§ EXERCISE PROMPT: Look below for the line containing "Screenshot Werewolf Is Coming nomor 2"; from there, print each line exactly up to and including the line containing "IT DR tepláky 22230.92 tyrkysová IT", and stop.

§ SOURCE INFORMATION:
>>>>

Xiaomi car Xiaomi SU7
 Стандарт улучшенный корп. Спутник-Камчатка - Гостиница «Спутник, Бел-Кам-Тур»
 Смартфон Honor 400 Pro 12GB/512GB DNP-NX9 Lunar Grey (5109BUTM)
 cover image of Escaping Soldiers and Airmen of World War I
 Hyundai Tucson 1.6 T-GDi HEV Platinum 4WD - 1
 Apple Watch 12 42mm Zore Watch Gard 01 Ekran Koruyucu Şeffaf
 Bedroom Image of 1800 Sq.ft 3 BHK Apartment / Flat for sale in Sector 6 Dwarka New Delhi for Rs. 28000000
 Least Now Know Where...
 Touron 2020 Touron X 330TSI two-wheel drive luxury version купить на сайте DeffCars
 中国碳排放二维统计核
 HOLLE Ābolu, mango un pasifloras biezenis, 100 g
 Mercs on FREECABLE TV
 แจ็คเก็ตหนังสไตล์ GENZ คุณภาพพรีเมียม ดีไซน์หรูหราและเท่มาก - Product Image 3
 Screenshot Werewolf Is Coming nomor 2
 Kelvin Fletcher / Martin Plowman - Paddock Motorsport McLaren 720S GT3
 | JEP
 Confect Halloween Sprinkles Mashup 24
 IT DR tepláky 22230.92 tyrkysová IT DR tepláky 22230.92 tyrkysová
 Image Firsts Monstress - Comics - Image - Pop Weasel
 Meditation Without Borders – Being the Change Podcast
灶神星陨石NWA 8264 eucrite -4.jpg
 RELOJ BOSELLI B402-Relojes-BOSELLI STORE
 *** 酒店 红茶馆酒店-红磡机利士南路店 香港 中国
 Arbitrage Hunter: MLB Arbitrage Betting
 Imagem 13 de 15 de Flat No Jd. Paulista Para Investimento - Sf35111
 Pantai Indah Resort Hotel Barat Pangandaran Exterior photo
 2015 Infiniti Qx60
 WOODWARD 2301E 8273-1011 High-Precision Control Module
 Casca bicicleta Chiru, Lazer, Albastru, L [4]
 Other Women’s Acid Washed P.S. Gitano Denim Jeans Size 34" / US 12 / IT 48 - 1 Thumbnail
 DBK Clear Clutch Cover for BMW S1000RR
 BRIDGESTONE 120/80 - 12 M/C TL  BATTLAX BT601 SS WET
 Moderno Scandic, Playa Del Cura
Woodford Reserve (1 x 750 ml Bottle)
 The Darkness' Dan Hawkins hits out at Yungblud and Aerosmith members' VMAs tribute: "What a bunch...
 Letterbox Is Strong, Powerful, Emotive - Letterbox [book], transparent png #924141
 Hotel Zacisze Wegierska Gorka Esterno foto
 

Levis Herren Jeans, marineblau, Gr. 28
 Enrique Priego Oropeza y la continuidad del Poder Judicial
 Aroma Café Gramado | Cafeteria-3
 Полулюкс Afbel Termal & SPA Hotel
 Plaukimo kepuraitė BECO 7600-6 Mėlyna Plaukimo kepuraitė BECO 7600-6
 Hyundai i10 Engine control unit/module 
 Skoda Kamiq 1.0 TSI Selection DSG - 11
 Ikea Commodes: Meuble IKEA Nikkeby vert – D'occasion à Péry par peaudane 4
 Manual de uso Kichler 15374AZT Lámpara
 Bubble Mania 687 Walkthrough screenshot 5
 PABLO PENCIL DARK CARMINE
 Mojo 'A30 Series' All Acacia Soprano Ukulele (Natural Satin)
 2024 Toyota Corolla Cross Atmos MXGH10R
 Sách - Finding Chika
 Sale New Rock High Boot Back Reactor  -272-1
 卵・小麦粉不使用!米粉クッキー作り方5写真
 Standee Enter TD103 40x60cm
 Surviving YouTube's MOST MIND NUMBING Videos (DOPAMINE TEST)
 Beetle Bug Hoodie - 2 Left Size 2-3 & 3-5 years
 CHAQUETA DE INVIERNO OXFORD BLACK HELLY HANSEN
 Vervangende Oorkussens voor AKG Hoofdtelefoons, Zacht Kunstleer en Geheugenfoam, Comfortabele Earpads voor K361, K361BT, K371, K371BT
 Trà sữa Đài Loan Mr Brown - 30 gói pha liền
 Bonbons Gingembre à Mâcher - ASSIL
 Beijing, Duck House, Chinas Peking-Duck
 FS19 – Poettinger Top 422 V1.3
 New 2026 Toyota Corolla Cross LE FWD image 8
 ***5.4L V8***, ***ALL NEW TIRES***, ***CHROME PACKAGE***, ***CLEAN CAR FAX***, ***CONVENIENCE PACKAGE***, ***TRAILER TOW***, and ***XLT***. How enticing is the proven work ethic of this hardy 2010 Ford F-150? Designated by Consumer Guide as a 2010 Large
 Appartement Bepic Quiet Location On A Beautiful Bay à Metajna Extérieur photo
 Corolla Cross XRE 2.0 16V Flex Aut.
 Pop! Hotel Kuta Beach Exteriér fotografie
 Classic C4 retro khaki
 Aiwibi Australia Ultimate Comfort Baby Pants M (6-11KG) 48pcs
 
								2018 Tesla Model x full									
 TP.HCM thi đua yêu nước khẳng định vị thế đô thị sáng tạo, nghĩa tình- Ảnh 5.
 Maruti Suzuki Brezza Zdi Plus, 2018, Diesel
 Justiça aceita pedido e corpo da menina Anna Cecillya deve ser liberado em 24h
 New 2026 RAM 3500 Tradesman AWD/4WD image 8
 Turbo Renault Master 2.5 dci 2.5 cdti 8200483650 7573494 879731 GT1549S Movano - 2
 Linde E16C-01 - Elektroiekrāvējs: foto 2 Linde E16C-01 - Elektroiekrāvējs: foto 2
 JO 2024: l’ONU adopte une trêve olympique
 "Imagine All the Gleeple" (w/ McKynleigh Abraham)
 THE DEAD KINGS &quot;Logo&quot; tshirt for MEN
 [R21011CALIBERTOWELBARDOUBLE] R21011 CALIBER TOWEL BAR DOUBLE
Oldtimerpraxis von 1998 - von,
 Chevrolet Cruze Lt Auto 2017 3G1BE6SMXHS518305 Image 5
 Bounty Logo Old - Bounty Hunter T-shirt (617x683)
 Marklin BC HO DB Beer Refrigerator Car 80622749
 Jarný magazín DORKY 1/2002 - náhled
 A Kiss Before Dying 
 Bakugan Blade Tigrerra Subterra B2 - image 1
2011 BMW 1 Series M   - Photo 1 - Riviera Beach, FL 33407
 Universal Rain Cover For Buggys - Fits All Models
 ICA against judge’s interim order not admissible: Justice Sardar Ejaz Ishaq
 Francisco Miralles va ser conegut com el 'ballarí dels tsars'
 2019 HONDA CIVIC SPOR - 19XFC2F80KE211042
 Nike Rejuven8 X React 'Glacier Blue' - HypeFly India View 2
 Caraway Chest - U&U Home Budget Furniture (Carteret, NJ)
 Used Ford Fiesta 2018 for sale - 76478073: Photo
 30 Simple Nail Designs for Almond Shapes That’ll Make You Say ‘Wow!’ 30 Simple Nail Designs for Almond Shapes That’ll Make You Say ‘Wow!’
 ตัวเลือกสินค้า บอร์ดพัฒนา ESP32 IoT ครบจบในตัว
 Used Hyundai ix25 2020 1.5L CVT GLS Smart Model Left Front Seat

<<<<

§ REPLY:
 Screenshot Werewolf Is Coming nomor 2
 Kelvin Fletcher / Martin Plowman - Paddock Motorsport McLaren 720S GT3
 | JEP
 Confect Halloween Sprinkles Mashup 24
 IT DR tepláky 22230.92 tyrkysová IT DR tepláky 22230.92 tyrkysová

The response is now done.